Electronic transport properties of Co cluster-decorated graphene
Chaoyi Cai, Jian-Hao Chen

TL;DR
This study investigates how cobalt clusters deposited on graphene affect its electronic transport properties, revealing increased scattering, suppression of quantum oscillations, and negative magnetoresistance, explained by weak localization effects.
Contribution
It provides in-situ experimental evidence of cobalt cluster effects on graphene's quantum transport, highlighting the role of disorder and quantum interference.
Findings
Cobalt forms clusters on graphene surface even at low temperatures.
Charge carrier scattering increases with cobalt coverage, suppressing SdH oscillations.

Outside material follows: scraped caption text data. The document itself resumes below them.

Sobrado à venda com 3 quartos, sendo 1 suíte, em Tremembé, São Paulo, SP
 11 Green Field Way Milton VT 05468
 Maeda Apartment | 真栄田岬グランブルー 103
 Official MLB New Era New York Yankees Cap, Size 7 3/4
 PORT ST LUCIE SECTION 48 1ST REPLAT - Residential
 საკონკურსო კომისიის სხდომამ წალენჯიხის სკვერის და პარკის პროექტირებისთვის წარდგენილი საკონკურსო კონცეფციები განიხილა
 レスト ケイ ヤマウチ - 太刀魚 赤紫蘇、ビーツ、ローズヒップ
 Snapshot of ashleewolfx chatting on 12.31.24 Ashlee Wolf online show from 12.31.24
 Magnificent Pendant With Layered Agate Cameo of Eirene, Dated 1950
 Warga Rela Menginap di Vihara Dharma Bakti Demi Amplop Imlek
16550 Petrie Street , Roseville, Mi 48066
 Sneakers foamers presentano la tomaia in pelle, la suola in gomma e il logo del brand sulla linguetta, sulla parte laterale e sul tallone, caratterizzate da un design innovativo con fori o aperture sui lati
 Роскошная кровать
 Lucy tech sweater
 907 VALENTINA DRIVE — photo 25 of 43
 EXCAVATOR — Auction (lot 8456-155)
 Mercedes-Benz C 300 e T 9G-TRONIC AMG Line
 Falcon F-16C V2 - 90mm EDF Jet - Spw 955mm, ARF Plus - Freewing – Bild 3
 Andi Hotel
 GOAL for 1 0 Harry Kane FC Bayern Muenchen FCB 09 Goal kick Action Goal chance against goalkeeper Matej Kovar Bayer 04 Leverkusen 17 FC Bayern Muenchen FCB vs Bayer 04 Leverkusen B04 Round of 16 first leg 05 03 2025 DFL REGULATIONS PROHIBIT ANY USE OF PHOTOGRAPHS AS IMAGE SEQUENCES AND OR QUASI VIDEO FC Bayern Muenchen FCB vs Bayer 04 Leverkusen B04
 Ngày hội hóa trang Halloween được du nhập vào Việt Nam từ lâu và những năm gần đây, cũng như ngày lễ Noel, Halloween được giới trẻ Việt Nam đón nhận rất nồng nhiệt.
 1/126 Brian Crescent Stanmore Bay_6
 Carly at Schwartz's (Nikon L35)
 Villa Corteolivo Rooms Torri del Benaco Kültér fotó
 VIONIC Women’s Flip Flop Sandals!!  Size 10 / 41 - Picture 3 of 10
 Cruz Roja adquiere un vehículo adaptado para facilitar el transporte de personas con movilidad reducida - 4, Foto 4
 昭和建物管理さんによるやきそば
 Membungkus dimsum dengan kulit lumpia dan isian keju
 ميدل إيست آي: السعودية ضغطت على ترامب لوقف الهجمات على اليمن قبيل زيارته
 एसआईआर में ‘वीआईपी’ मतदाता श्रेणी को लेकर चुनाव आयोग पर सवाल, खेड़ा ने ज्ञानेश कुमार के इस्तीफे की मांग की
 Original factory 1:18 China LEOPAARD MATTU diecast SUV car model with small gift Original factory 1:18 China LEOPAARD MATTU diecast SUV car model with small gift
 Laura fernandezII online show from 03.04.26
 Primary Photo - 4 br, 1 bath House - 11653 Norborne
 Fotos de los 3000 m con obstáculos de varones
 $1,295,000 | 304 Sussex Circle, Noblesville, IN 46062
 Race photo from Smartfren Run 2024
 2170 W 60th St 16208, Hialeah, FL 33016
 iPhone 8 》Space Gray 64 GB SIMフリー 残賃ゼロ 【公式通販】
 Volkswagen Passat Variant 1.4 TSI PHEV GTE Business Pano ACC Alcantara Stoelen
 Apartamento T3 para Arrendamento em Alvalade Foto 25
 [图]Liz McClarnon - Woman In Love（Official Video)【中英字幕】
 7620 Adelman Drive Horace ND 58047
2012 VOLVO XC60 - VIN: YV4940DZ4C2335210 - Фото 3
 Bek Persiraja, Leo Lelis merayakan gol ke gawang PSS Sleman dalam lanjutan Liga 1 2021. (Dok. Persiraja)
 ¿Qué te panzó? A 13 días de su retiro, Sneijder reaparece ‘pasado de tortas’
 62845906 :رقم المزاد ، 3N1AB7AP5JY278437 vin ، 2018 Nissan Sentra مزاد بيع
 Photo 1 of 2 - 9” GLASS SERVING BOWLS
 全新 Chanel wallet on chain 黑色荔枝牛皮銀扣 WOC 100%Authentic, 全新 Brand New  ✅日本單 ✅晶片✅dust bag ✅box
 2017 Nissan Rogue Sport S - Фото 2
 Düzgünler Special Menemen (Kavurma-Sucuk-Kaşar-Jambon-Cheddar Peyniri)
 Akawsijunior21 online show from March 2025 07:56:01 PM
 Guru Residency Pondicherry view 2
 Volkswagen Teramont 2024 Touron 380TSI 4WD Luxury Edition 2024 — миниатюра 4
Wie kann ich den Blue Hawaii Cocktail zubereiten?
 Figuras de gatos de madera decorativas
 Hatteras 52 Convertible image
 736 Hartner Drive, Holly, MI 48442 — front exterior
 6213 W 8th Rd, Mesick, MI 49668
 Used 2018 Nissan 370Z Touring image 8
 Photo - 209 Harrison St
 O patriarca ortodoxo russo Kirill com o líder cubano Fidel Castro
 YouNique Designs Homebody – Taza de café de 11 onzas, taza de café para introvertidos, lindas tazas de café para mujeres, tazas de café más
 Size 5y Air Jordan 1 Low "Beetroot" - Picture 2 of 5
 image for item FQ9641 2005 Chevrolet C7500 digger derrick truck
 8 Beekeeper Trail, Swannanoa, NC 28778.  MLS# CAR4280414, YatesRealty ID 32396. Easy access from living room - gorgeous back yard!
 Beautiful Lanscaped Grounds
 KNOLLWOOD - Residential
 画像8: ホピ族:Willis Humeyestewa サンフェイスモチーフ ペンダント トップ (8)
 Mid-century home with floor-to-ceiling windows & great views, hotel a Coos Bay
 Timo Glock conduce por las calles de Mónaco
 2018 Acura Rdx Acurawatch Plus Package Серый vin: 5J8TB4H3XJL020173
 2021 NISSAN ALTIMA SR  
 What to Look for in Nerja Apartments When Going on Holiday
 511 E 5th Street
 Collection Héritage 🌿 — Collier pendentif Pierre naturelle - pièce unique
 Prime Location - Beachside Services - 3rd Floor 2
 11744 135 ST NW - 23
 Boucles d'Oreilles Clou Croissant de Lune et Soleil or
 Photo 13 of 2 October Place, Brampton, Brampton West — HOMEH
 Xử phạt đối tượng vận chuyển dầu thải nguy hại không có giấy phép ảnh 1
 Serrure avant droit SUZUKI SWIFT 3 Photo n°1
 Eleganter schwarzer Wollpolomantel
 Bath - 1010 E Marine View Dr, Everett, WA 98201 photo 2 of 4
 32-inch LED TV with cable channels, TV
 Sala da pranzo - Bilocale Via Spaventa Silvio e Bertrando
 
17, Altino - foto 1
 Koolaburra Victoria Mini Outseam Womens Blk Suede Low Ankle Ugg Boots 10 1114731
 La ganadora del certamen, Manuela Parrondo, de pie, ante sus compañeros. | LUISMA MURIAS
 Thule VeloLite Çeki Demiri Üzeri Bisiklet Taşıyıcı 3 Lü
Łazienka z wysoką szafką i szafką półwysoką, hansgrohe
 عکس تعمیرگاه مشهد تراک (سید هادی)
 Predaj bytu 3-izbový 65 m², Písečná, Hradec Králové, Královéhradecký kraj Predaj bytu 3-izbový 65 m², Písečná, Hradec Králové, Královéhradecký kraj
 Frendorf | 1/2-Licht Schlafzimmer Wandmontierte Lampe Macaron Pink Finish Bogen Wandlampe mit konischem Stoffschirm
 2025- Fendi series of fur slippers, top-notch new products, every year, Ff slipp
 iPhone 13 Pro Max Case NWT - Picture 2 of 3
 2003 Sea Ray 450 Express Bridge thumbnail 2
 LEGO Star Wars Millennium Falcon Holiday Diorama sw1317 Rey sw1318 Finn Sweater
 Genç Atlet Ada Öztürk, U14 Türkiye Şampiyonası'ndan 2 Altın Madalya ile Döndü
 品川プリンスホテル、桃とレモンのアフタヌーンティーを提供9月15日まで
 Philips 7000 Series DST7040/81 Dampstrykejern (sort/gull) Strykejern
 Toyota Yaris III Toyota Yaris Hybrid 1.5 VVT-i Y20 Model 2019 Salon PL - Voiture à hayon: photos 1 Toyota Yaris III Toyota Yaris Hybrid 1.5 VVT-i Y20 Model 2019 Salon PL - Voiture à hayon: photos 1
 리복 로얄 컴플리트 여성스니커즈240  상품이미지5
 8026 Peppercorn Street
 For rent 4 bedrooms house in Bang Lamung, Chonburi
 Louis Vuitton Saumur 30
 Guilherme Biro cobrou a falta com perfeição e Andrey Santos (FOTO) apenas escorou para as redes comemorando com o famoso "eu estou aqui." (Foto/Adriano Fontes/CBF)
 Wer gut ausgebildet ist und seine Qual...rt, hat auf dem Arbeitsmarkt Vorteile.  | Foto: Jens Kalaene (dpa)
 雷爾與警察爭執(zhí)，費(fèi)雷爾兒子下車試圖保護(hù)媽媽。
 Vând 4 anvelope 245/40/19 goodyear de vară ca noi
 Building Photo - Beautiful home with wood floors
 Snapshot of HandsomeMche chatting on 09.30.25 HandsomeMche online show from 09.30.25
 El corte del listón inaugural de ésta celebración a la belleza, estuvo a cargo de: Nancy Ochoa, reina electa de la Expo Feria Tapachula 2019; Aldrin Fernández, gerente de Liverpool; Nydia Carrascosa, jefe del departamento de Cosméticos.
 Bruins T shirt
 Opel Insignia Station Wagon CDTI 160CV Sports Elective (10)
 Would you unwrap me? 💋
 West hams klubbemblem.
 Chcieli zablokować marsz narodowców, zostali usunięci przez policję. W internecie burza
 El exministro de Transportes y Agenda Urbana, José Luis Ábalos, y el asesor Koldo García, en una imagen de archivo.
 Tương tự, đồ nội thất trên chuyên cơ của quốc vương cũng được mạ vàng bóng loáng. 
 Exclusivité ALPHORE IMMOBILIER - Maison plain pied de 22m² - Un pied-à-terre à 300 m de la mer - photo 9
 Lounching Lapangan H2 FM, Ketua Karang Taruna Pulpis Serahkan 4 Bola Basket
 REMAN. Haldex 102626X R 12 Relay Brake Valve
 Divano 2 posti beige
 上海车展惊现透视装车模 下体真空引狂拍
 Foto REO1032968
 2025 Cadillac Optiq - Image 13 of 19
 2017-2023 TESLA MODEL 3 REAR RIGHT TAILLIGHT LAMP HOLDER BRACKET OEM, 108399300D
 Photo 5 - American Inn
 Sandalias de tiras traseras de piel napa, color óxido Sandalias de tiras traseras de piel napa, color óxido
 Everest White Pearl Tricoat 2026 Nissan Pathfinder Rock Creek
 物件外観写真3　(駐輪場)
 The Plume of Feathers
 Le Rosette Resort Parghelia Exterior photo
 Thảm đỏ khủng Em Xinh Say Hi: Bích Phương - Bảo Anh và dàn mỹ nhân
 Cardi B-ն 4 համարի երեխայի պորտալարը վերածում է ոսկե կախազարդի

Negative magnetoresistance observed up to 9 T, explained by weak localization.
Abstract
Interactions of magnetic elements with graphene may lead to various electronic states that have potential applications. We report an in-situ experiment in which the quantum transport properties of graphene are measured with increasing cobalt coverage in continuous ultra-high vacuum environment. The results show that e-beam deposited cobalt forms clusters on the surface of graphene, even at low sample temperatures. Scattering of charge carriers by the absorbed cobalt clusters results in the disappearance of the Shubnikov-de Haas (SdH) oscillations and the appearance of negative magnetoresistance (MR) which shows no sign of saturation up to an applied magnetic field of 9 T. We propose that these observations could originate from quantum interference driven by cobalt disorder and can be explained by the weak localization theory.